Crawled caption data:
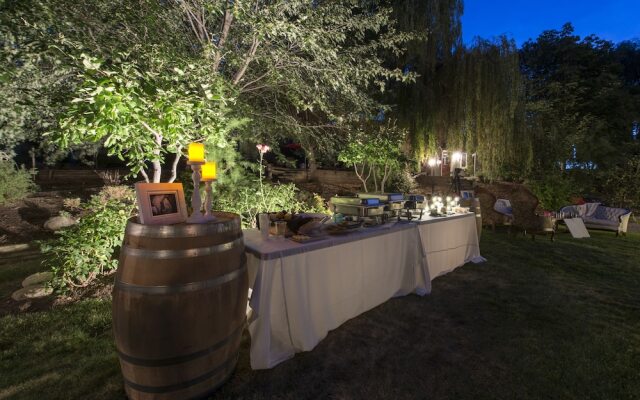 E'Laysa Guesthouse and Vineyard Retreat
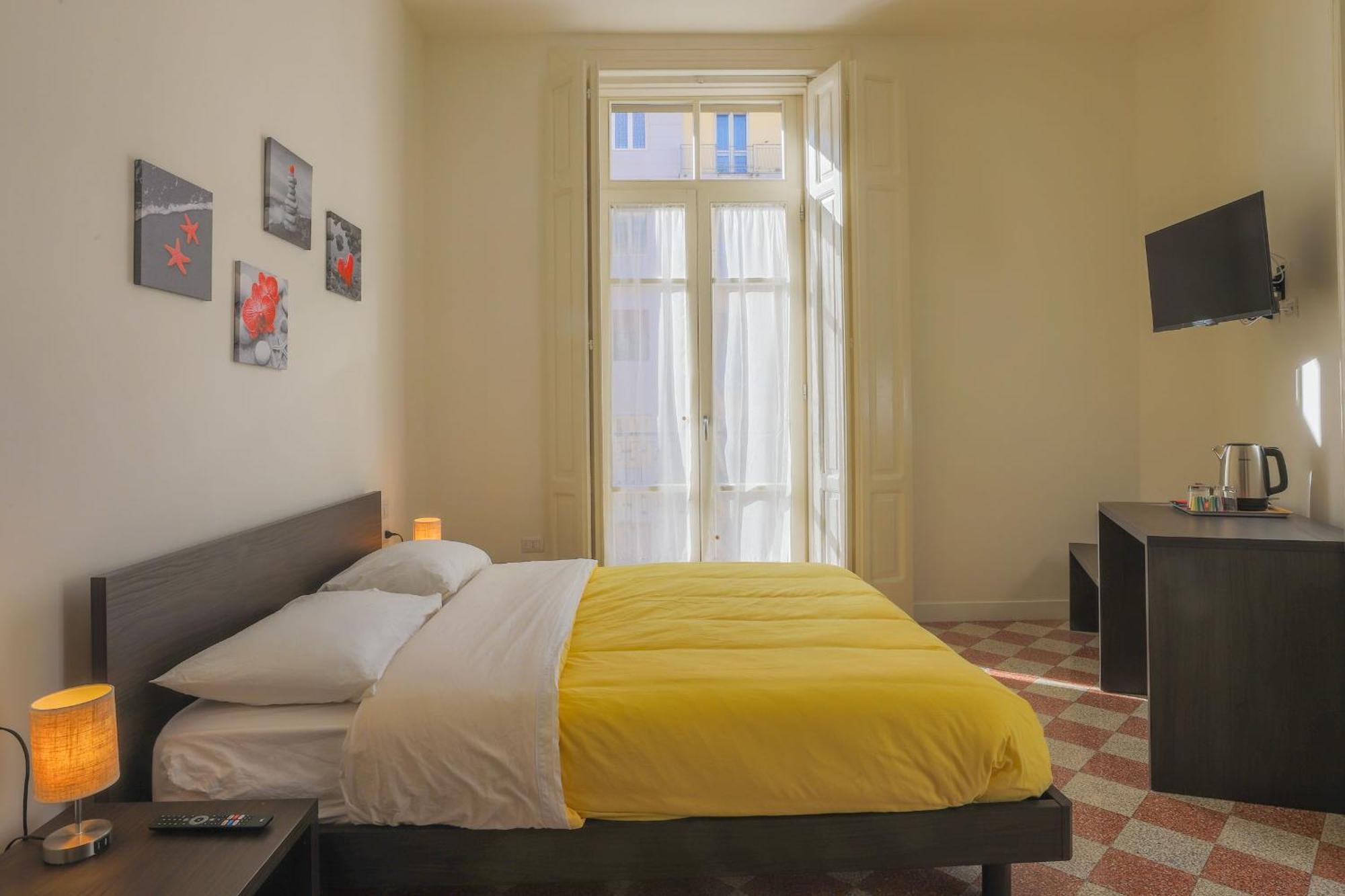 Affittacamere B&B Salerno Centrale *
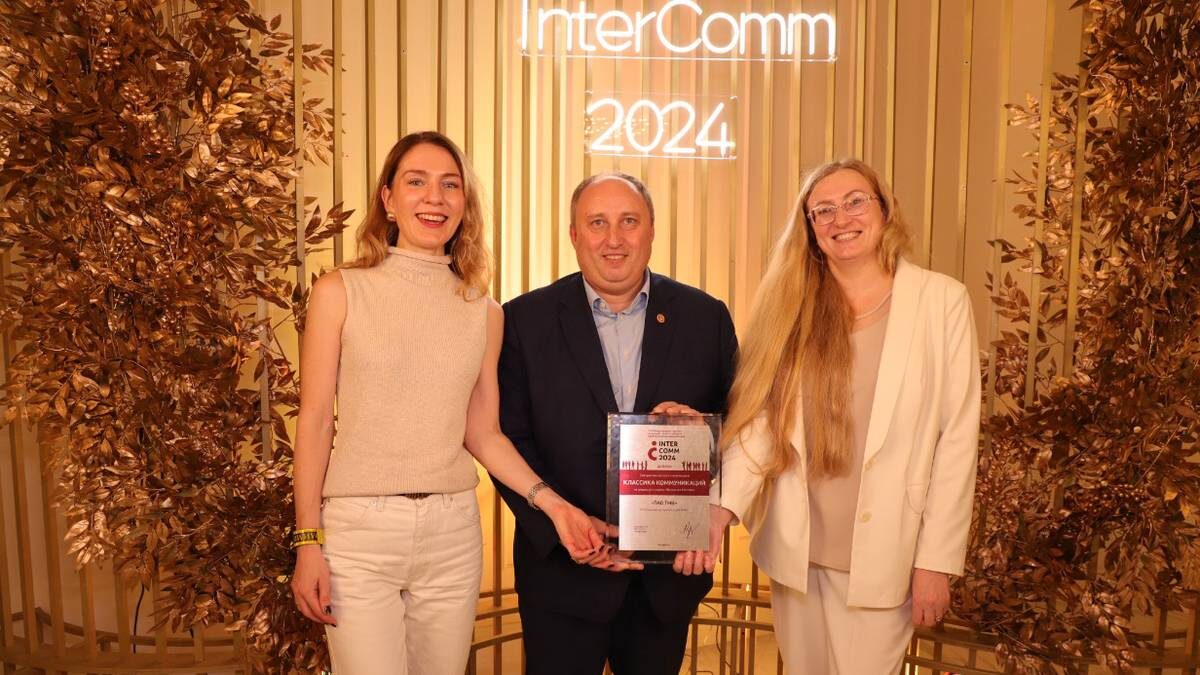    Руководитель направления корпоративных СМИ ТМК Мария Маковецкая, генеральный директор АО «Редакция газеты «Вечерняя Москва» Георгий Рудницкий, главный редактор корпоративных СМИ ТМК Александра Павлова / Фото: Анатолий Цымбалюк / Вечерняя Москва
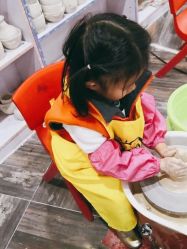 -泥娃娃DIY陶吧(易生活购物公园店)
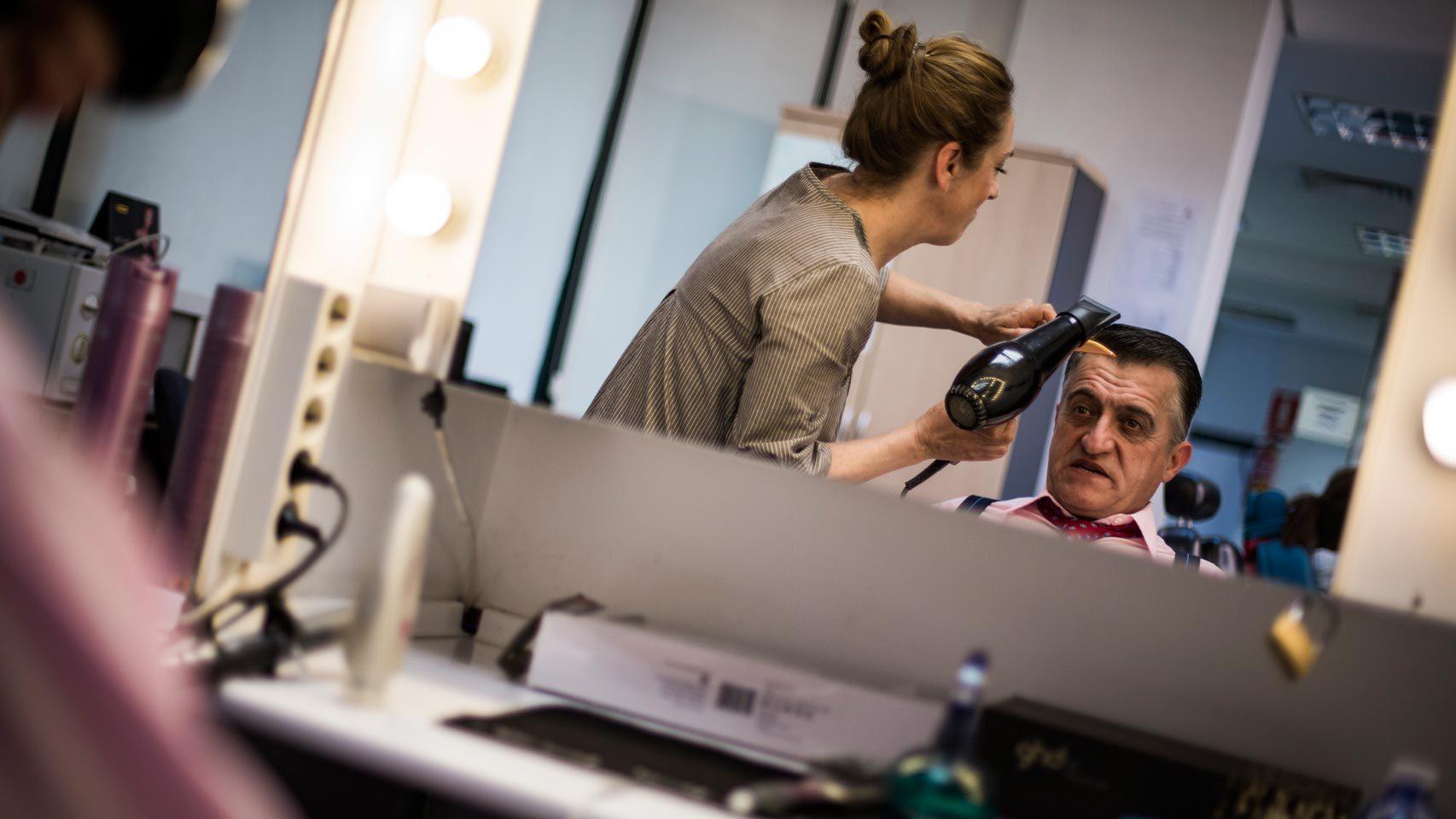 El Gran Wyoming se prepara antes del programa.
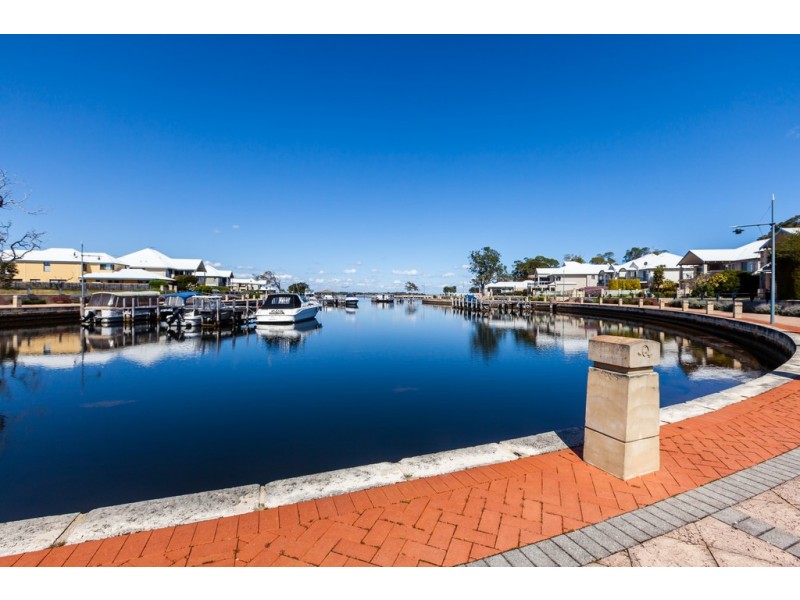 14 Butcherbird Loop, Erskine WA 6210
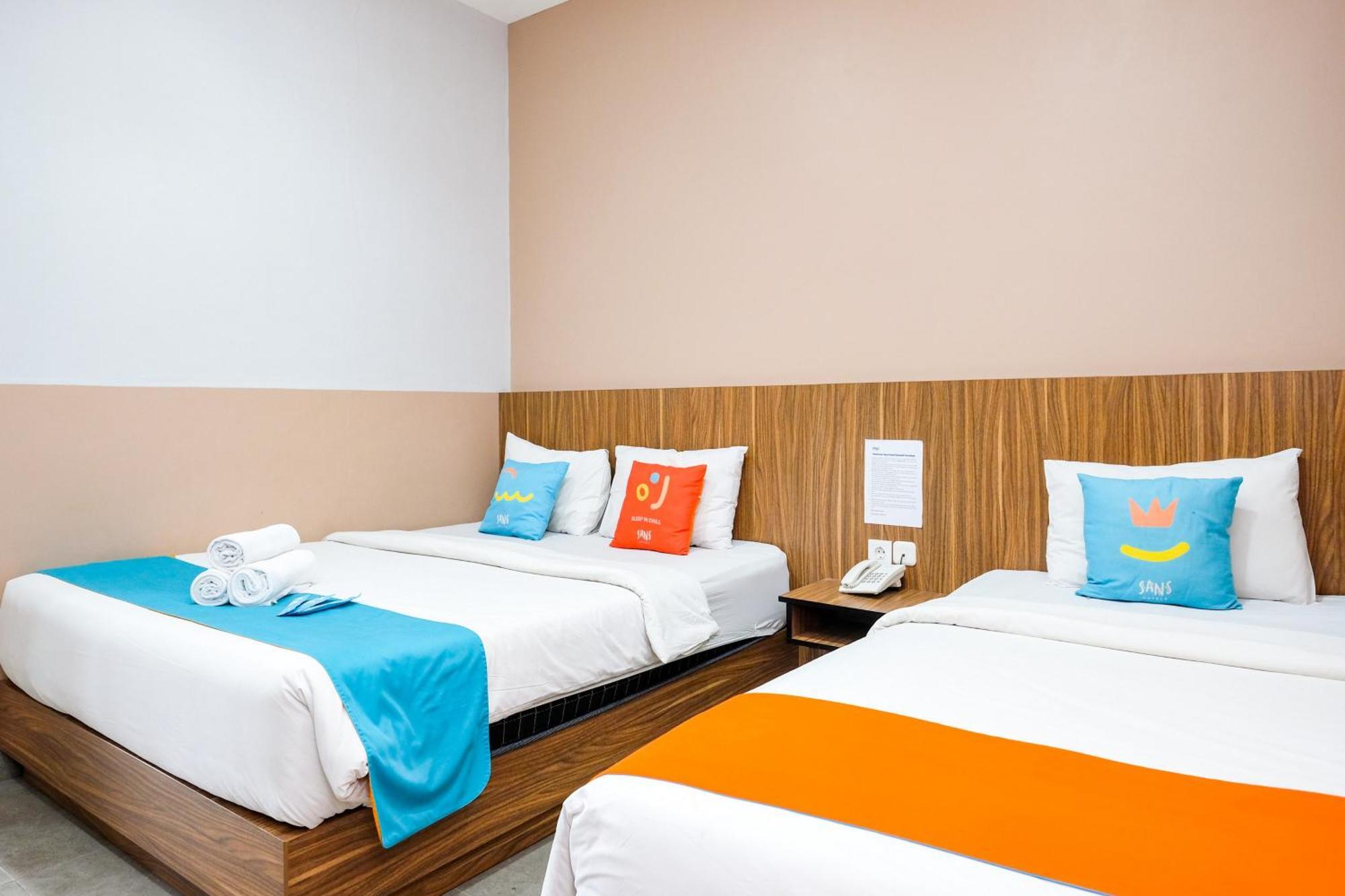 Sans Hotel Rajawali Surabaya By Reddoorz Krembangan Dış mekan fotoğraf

PROBLEM DESCRIPTION: Set down exactly the lines above, from the line containing "Руководитель направления корпоративных" through the line containing "-泥娃娃DIY陶吧(易生活购物公园店)". Skip the pictures.

EXERCISE ANSWER:
    Руководитель направления корпоративных СМИ ТМК Мария Маковецкая, генеральный директор АО «Редакция газеты «Вечерняя Москва» Георгий Рудницкий, главный редактор корпоративных СМИ ТМК Александра Павлова / Фото: Анатолий Цымбалюк / Вечерняя Москва
 -泥娃娃DIY陶吧(易生活购物公园店)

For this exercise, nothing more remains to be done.